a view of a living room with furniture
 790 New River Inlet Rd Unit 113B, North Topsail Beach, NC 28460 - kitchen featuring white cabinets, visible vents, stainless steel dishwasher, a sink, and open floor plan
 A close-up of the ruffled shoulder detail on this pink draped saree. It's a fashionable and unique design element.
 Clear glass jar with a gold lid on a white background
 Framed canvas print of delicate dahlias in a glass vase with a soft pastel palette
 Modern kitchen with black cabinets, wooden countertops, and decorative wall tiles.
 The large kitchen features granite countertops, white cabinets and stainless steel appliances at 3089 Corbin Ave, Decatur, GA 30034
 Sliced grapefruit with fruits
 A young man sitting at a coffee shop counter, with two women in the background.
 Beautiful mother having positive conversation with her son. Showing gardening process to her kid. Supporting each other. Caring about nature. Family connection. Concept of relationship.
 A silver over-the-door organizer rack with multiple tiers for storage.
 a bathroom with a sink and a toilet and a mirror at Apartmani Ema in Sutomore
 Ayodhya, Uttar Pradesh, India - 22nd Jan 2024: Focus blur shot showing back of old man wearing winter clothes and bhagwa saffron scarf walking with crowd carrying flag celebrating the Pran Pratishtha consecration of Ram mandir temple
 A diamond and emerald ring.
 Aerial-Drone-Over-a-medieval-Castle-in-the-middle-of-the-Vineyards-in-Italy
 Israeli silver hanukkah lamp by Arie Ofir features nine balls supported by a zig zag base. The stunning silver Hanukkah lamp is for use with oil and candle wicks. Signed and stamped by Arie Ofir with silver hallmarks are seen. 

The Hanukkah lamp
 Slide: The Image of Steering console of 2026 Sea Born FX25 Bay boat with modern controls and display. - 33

+---+

What this task involves – All the records, as written, must be given again.

Expected answer –
a view of a living room with furniture
 790 New River Inlet Rd Unit 113B, North Topsail Beach, NC 28460 - kitchen featuring white cabinets, visible vents, stainless steel dishwasher, a sink, and open floor plan
 A close-up of the ruffled shoulder detail on this pink draped saree. It's a fashionable and unique design element.
 Clear glass jar with a gold lid on a white background
 Framed canvas print of delicate dahlias in a glass vase with a soft pastel palette
 Modern kitchen with black cabinets, wooden countertops, and decorative wall tiles.
 The large kitchen features granite countertops, white cabinets and stainless steel appliances at 3089 Corbin Ave, Decatur, GA 30034
 Sliced grapefruit with fruits
 A young man sitting at a coffee shop counter, with two women in the background.
 Beautiful mother having positive conversation with her son. Showing gardening process to her kid. Supporting each other. Caring about nature. Family connection. Concept of relationship.
 A silver over-the-door organizer rack with multiple tiers for storage.
 a bathroom with a sink and a toilet and a mirror at Apartmani Ema in Sutomore
 Ayodhya, Uttar Pradesh, India - 22nd Jan 2024: Focus blur shot showing back of old man wearing winter clothes and bhagwa saffron scarf walking with crowd carrying flag celebrating the Pran Pratishtha consecration of Ram mandir temple
 A diamond and emerald ring.
 Aerial-Drone-Over-a-medieval-Castle-in-the-middle-of-the-Vineyards-in-Italy
 Israeli silver hanukkah lamp by Arie Ofir features nine balls supported by a zig zag base. The stunning silver Hanukkah lamp is for use with oil and candle wicks. Signed and stamped by Arie Ofir with silver hallmarks are seen. 

The Hanukkah lamp
 Slide: The Image of Steering console of 2026 Sea Born FX25 Bay boat with modern controls and display. - 33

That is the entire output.